Remember the olden days when a president got panned for “acting unilaterally”? Here’s a huge faux-pas, and only in the first two weeks of the new administration:
President Obama to water down ‘Buy American’ plan after EU trade war threat
The European Union warned the US yesterday against plunging the world into depression by adopting a planned “Buy American” policy, intensifying fears of a trade war.
The EU threatened to retaliate if the US Congress went ahead with sweeping measures in its $800 billion (£554 billion) stimulus plan to restrict spending to American goods and services.
Gordon Brown was caught in the crossfire as John Bruton, the EU Ambassador to Washington, said that “history has shown us” where the closing of markets leads — a clear reference to the Depression of the 1930s, triggered by US protectionist laws.
Last night Mr Obama gave a strong signal that he would remove the most provocative passages from the Bill.
“I agree that we can’t send a protectionist message,” he said in an interview with Fox TV.
Well, if you put into law “buy American” clauses, what would you the US’s foreign partners will think about it? It is protectionism.
It’s come to the point where the EU is lecturing the US against protectionism, and rightly so:
The EU warnings came in letters to US political leaders in Congress, Timothy Geithner, the Treasury Secretary, and Hillary Clinton, the Secretary of State. Mr Bruton urged them to respect the decision taken by the G20, the world’s leading economic nations, in Washington last November to resist protectionism as a defence against the crisis. They are expected to meet again in London in April.
“Failing this risks entering into a spiral of protectionist measures around the globe that can only hurt our economies further,” he wrote.
“Open markets remain the essential precondition for a rapid recovery from the crisis, and history has shown us where measures taken contrary to this principle can lead us.”
Let me repeat that:
“Open markets remain the essential precondition for a rapid recovery from the crisis, and history has shown us where measures taken contrary to this principle can lead us.”

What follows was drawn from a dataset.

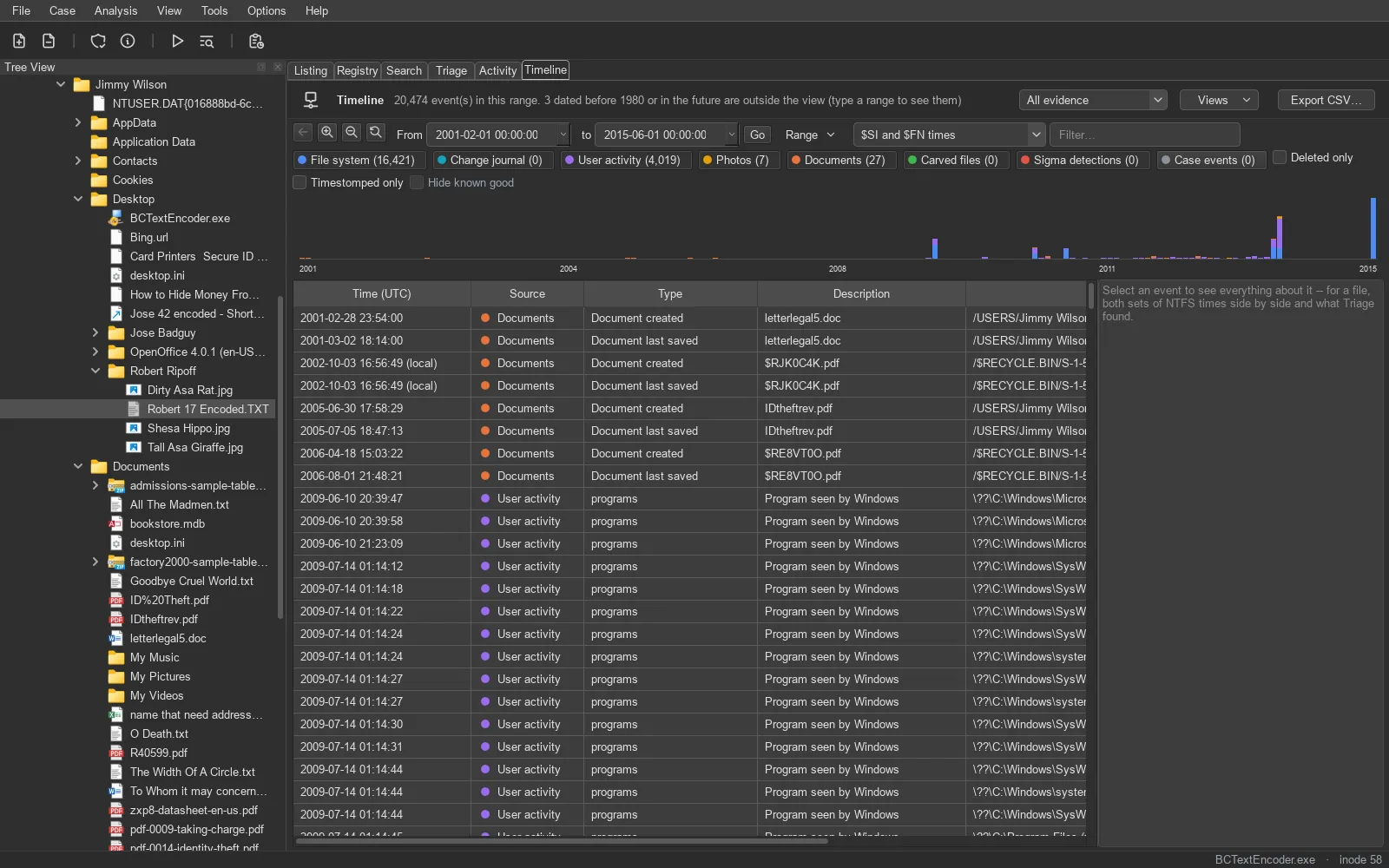 TRACE: timeline view. Every source in one view, with a histogram to find the busy hours.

Under the “Buy American” clause passed by the US House of Representatives, American iron and steel must be used in construction projects that form part of the recovery plan. The US Senate wants to extend the scope of the clause before the Bill goes to the White House for approval.
The European Commission’s powerful trade department, a bastion of open markets formerly headed by Lord Mandelson, said yesterday that the “Buy American” clause was “the worst possible signal” that could be sent to world trade.
A spokesman said: “We are particularly concerned about the signal that these measures could send to the world at a time when all countries are facing difficulties. Where America leads, many others tend to follow.”
Smoot-Hawley Fiasco Averted, at least for now.
Or, as Gina Cobb put it, Pardon, But President’s Obama’s Training Wheels Are Showing
UPDATEMatt Welch lets it rip:
The bad news: What kind of historically illiterate, economically retrograde, and bogusly populist jerktards would even CONSIDER, for just one second, that a reasonable approach to this Great Depression 2.0 they keep telling us about is reviving the ghost of Smoot-Hawley? Not only are Democrats and their already unbearable apologists grossly misusing the analogy of Herbert Hoover (much in the way many continue to pretend that George W. Bush was a deregulation zealot), they’re now going ahead and aping the 31st president’s worst policies.
And don’t let Obama’s above-it-all filibustering fool you: As Reason has been documenting for two years, the president ran and won a campaign that on a daily basis bashed trade agreements, particularly with troubled Mexico and anxious China. And his party found success swapping its pro-trade stance of the mid-’90s for cheapjack “Buy American” bullshit in the late aughts.